A report by the the Independent Commission on Banking (ICB) that proposed lenders should be forced to split their retail and investment banking arms to help prevent future bailouts is expected to be broadly backed by the Chancellor.
Business Secretary Vince Cable today told the BBC's Andrew Marr Show that the banking industry was set for "big structural reform", although it is still not clear whether the proposals will be watered down in the face of pressure from the industry.
With the reforms estimated to cost the industry up to £7 billion, there are fears they will slow lending at a time when the economy is in danger of sliding into recession.
And the moves will heighten speculation that banks, particularly HSBC, will move their head offices away from London, depriving the UK of jobs and tax revenues.
Mr Cable told the programme: "The Chancellor and I set up this commission originally and we have worked together and come to a common view. We have accepted the recommendations of the commission.
"It is absolutely right that we make the British economy safe. We just cannot risk a repetition of the financial catastrophe we had three years ago.
"Big structural reform of the banks was something we (Liberal Democrats) fought for and argued for and now it is going to happen."
The Treasury is tomorrow expected to publish an 80-page paper outlining its response to the report published in September, according to the Sunday Telegraph.
In a Commons statement scheduled for 3.30pm, Mr Osborne will pledge to enact all primary and secondary legislation stemming from the report by the end of the current Parliament, with a white paper expected next year, the newspaper added.
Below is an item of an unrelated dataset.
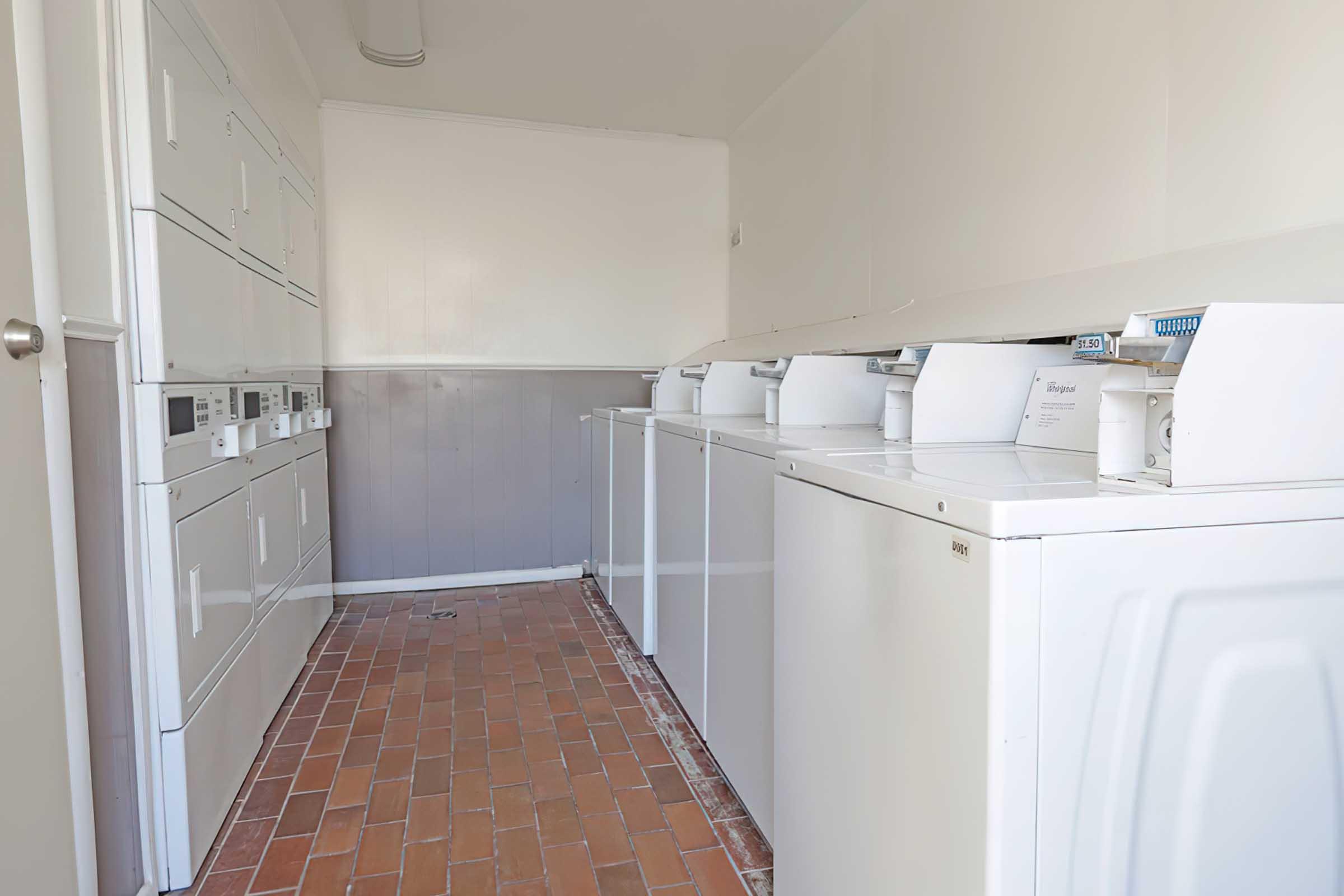 a kitchen with a tile floor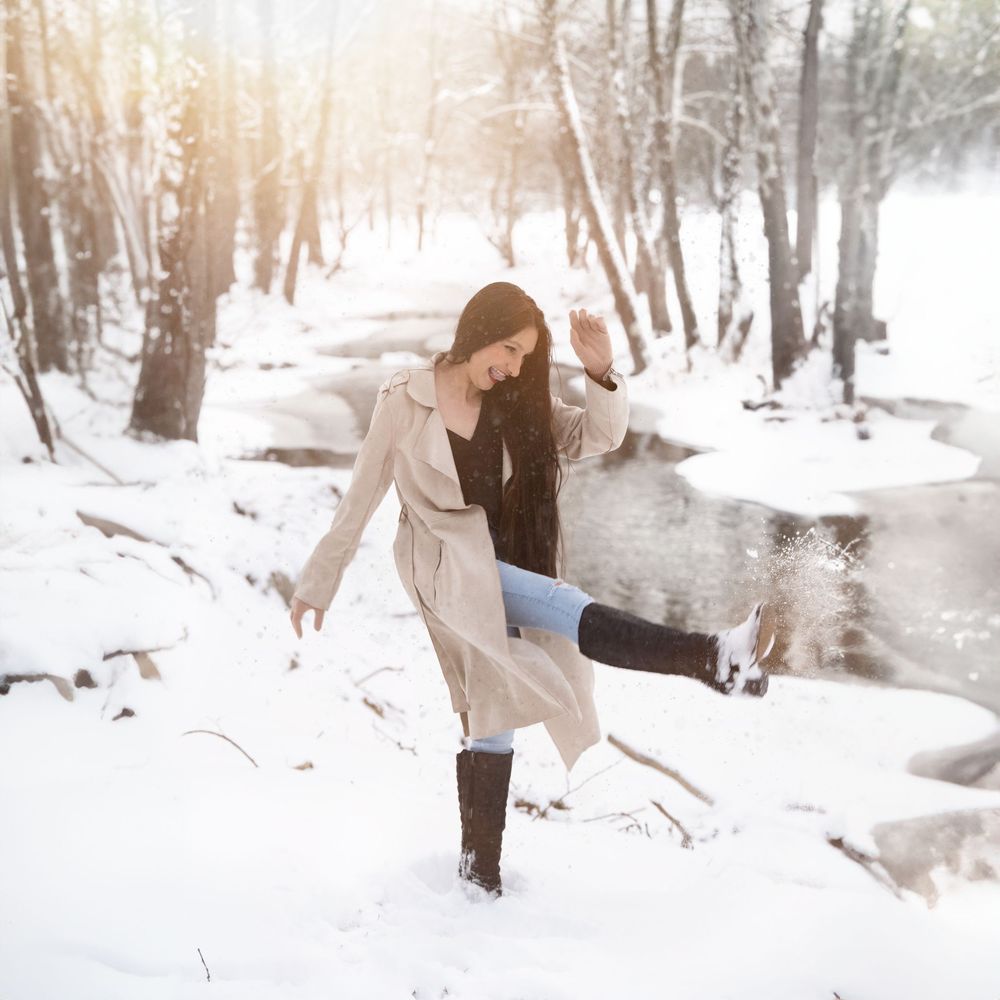 A person in a beige coat walks through a snowy winter forest scene with sunlight filtering through trees.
The reforms should be in place by 2019.
The Chancellor has come under pressure to water down the proposals, which also include plans to force banks to set aside more cash to cushion the blow of potential losses or future financial crises.
The Treasury is expected to confirm the ICB's estimate that the plans could cost banks between £4 billion and £7 billion, although industry sources have claimed the true cost could be as high as £12 billion.
It is expected that the Treasury's report will not go as far as spelling out how the ring-fence will work in practice and will leave the detail to regulators.
The ICB, chaired by Sir John Vickers, former head of the Office of Fair Trading, was set up by the coalition Government last year to conduct a full review of the sector after the financial crisis four years ago left banks including Royal Bank of Scotland and Lloyds needing bailouts.